New technologies, new regulations, and compliance requirements are constantly emerging.
This means that organizations need to be able to address changes in the environment while adhering to existing rules and regulations.
This blog post will cover some of the major changes for 2022 including:
- The release of the new version 3.2 of Payment Card Industry Data Security Standard (PCI DSS).
- Changes to TLS/SSL encryption protocols
But, before we get too ahead of ourselves, let’s make sure everyone reading this article is on the same page, and understands the core fundamentals of PCI Compliance as well.
(Hint: Use the links below to skip ahead to the most relevant section for your needs)
- What is PCI Compliance?
- Which companies are required to be PCI DSS compliant?
- How do you maintain PCI compliance?
- What are the penalties for not maintaining PCI compliance?
- What are the 12 requirements of PCI DSS Compliance?
- Build and maintain a secure network
- Do not use vendor-supplied defaults for system passwords and other security parameters.
- Protect stored credit card and cardholder data
- Encrypt transmission of credit card and cardholder data across open, public networks.

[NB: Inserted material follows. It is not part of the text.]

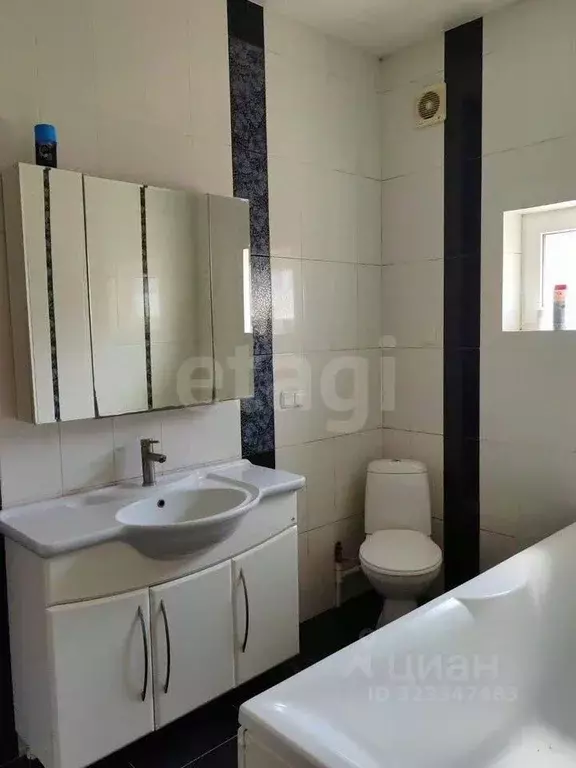 Дом в Ростовская область, Батайск Артемовская ул. (89 м) - Фото 1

- Use and regularly update anti-virus software or programs.
- Develop and maintain secure systems and applications.
- Implement strong access control measures
- Assign a unique ID to each person with computer access.
- Restrict physical access to cardholder data.
- Track and monitor all access to network resources and cardholder data.
- Regularly test information security systems and processes.
- Provide staff training on the importance of data protection.
- How much does it cost to become PCI compliant?
- We use a third-party processor. Do we need to be PCI DSS compliant?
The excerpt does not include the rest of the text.